Editorial: No, criminal justice reforms didn’t cause a Whittier police officer’s killing

Slain officer Keith Boyer is remembered during a vigil at the Whittier police station on Feb. 20.
Slain officer Keith Boyer is remembered during a vigil at the Whittier police station on Feb. 20.
(Michael Owen Baker / For The Times)

The overwhelming grief felt by Whittier Police Chief Jeff Piper following the brutal killing Monday of Officer Keith Boyer is understandable. But public officials need to be held accountable for false or misleading statements that are calculated to sway opinion on important policy matters, even if those comments come during times of great duress. And unfortunately, Piper misused the occasion of Boyer’s traumatic death to lash out at recent criminal justice reforms.

“We need to wake up,” he said. “Enough is enough. You’re passing these propositions, you’re creating these laws.... It’s not good for our community [and] it’s not good for our officers.”

The outburst against laws adopted by the Legislature and the voters might have been forgivable had alleged killer Michael C. Mejia been paroled under last November’s Proposition 57, or released earlier than planned because his felony was changed to a misdemeanor under 2014’s Proposition 47, or otherwise at large because of some supposed defect in AB 109, the 2011 “realignment” law that assigned more criminal justice responsibilities to counties.


But none of those things were true, nor was Mejia the beneficiary of “early release.” The parole process restored by Proposition 57 hasn’t even kicked in yet, and Mejia had served his full time in prison for car theft, a crime unaffected by Proposition 47. AB 109 — despite the assertions of law enforcement leaders, elected officials and far too many news outlets that ought to know better — neither mandates nor permits “early release” from prison or jail.

Were there shortcomings in his county supervision, as there so often are with state parole supervision? If so, that’s what should be targeted.

Californians have been hearing complaints about criminal justice reform for years from officials who are uncomfortable with changing their practices or taking on new responsibilities for dealing with dangerous offenders. Los Angeles County Sheriff Jim McDonnell complained about reform measures in October, following the slaying of Sgt. Steve Owen in Lancaster — and again on Monday after Boyer’s death. Earlier on, the once-viable Republican Abel Maldonado centered his abortive election challenge to Gov. Jerry Brown on the provably false assertion that a host of killers had been allowed to commit their crimes because of AB 109. More generally, police have offered the specious assertion that a shift in public opinion away from tough-on-crime measures and toward more thoughtful outcome-oriented public safety policies have contributed to attacks on police officers.

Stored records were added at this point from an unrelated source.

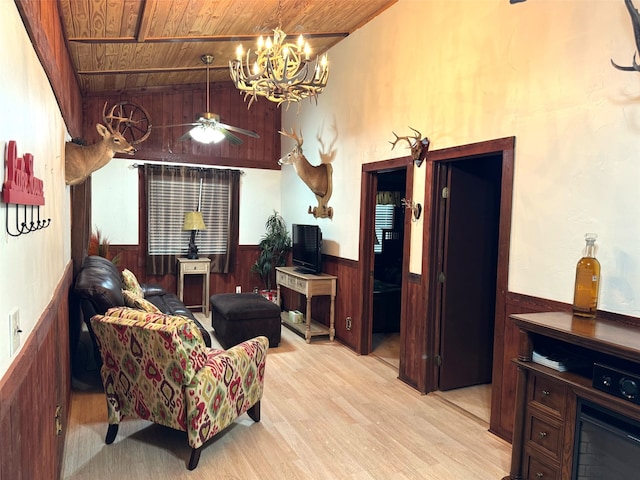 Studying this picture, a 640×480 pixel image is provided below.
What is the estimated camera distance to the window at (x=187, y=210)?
6.42 metres

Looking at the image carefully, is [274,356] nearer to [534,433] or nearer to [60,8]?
[534,433]

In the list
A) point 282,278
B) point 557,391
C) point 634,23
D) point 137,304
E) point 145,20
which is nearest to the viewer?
point 634,23

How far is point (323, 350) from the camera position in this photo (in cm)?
504

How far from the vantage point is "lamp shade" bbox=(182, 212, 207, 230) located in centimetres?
633

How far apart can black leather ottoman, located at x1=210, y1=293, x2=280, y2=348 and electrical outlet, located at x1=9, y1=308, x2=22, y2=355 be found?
135 inches

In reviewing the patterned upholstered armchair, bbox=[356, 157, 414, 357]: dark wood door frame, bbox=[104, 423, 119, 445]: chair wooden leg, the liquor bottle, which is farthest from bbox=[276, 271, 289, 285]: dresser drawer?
the liquor bottle

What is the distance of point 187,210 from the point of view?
6.63m

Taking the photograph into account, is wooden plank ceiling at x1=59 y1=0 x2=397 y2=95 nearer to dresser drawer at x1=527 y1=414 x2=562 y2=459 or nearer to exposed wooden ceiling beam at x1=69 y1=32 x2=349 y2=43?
exposed wooden ceiling beam at x1=69 y1=32 x2=349 y2=43

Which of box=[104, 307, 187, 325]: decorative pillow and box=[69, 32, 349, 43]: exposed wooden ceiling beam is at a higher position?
box=[69, 32, 349, 43]: exposed wooden ceiling beam

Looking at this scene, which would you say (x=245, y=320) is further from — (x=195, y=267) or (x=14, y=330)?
(x=14, y=330)

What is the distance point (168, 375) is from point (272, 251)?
414 centimetres

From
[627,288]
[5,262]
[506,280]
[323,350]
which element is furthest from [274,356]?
[5,262]

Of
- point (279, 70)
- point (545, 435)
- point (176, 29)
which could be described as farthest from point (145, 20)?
point (545, 435)

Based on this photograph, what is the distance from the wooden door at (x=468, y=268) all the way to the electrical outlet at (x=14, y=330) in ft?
10.5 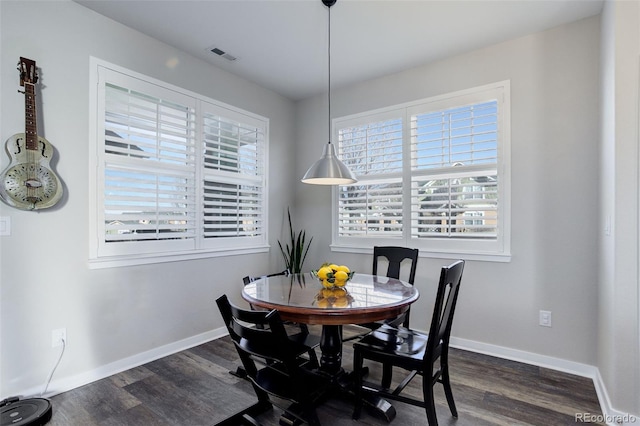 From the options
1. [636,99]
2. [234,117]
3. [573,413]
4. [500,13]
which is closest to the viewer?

Like Maldonado’s ill-chosen examples, Mejia had been not been released from prison any earlier than he would have been before any of the allegedly dangerous reforms. Under AB 109 he was supervised after prison not by state parole officers but by Los Angeles County probation officers. And when Mejia violated the terms of his probation — repeatedly — the county officers had several options for dealing with his violations, including sending him to jail for 10 days and seeking to revoke his supervised release.

Certainly something went wrong. After repeated punishment he was still free to allegedly commit at least one murder. So — were there shortcomings in his county supervision, as there so often are with state parole supervision? If so, that’s what should be targeted, criticized and fixed, not the underlying reform that empowers counties to better manage their criminal populations.

Although it wasn’t the case with Mejia, AB 109 does mandate that some criminals convicted of less-serious crimes do their time in county jail instead of state prison — and some county jails are at capacity, which requires sheriffs to make decisions about whom to release before their terms expire. So it is certainly possible that a sheriff could choose to release an AB 109 felon before his or her full term expires.

Yet few counties do release felons from jail early, preferring instead to release misdemeanor inmates before their full six-month terms in order to provide enough space for felons. Most California sheriffs, including McDonnell, keep AB 109 inmates for their full felony terms.

Criminal justice reform puts those sheriffs, along with chief probation officers, boards of supervisors and other county officials, in the driver’s seat. They now have the ability to manage jail populations by assessing and comparing the risk of accused and convicted offenders to flee or commit new crimes. They have a range of options for overseeing them on parole-like community supervision. They can measure the impact of rehabilitation programs and respond accordingly.

Results in some parts of California — San Diego, for example, where crime is at the lowest rate in years and continues to drop — are good. In Los Angeles County and its constituent cities, officials seem overwhelmed by the size of their caseload and the scope of their challenge. Their frustration is understandable. But that does not alter their duty to accurately and dispassionately lay out the facts.